RoI align pooling layer.

Parameters
  • output_size (tuple) – h, w

  • spatial_scale (float) – scale the input boxes by this number

  • sampling_ratio (int) – number of inputs samples to take for each output sample. 0 to take samples densely for current models.

  • pool_mode (str, 'avg' or 'max') – pooling mode in each bin.

  • aligned (bool) – if False, use the legacy implementation in MMDetection. If True, align the results more perfectly.

  • use_torchvision (bool) – whether to use roi_align from torchvision.

Note

The implementation of RoIAlign when aligned=True is modified from https://github.com/facebookresearch/detectron2/

The meaning of aligned=True:

Given a continuous coordinate c, its two neighboring pixel indices (in our pixel model) are computed by floor(c - 0.5) and ceil(c - 0.5). For example, c=1.3 has pixel neighbors with discrete indices [0] and [1] (which are sampled from the underlying signal at continuous coordinates 0.5 and 1.5). But the original roi_align (aligned=False) does not subtract the 0.5 when computing neighboring pixel indices and therefore it uses pixels with a slightly incorrect alignment (relative to our pixel model) when performing bilinear interpolation.

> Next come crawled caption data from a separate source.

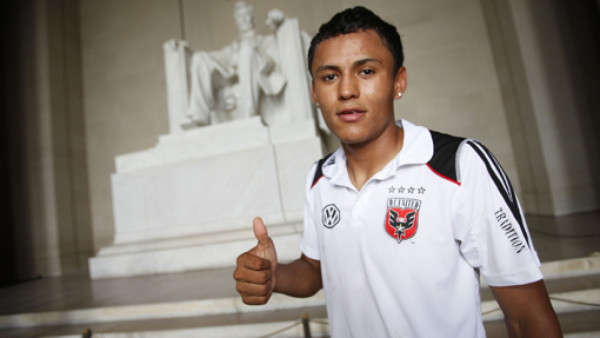 DC United confirma que Najar entrena con Anderlecht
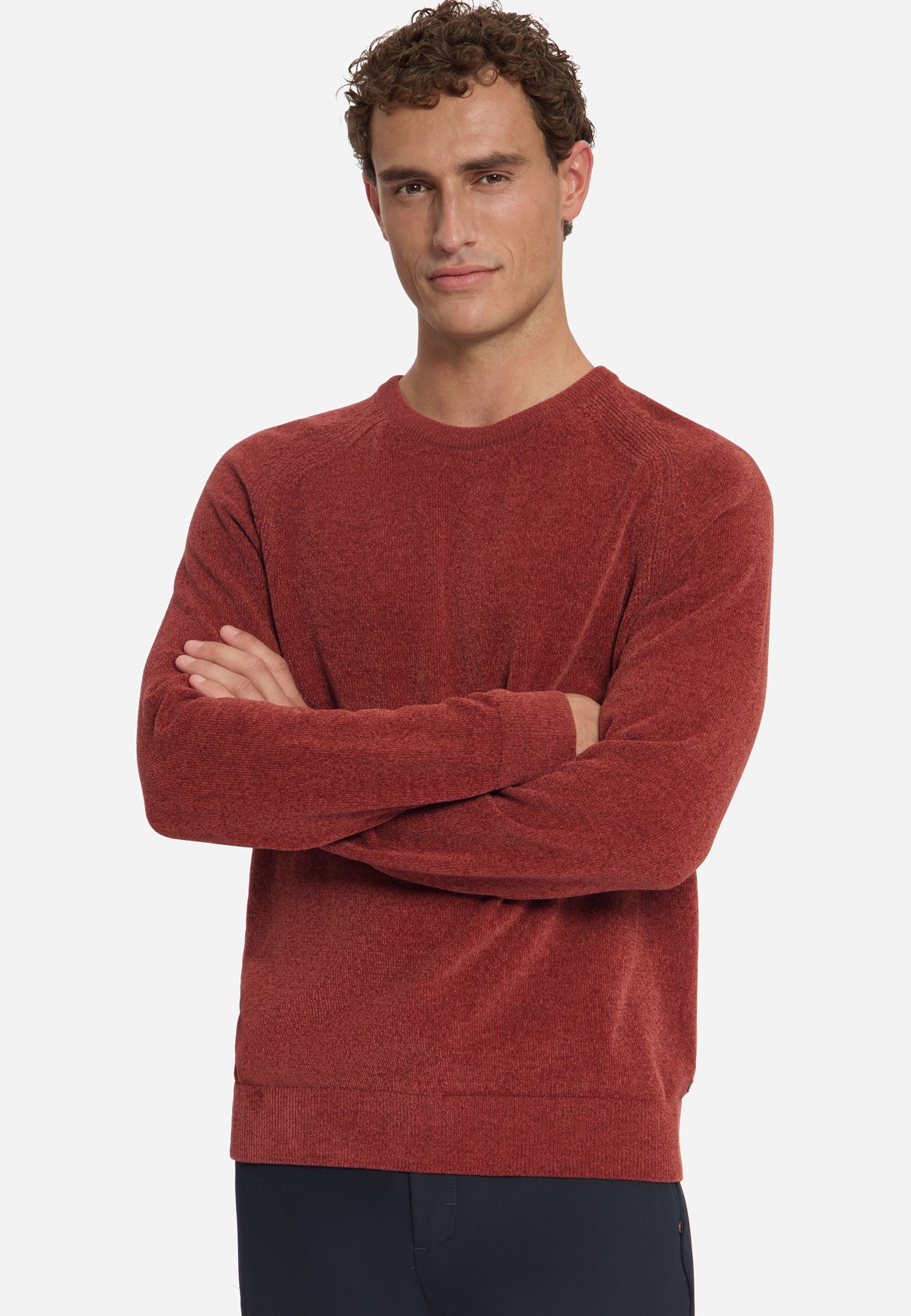 Chenille Jumper | Cayenne
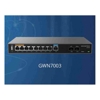 Grandstream Accessories - Grandstream GWN7003 Multi-WAN Gigabit VPN Router Built-in Firewalls 2x 2.5 Gigabit SFP Ports 9x Gigabit 512MB RAM 256MB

With aligned=True, we first appropriately scale the ROI and then shift it by -0.5 prior to calling roi_align. This produces the correct neighbors;

The difference does not make a difference to the model’s performance if ROIAlign is used together with conv layers.

forward(input: torch.Tensor, rois: torch.Tensor)torch.Tensor[source]
Parameters
  • input – NCHW images

  • rois – Bx5 boxes. First column is the index into N. The other 4 columns are xyxy.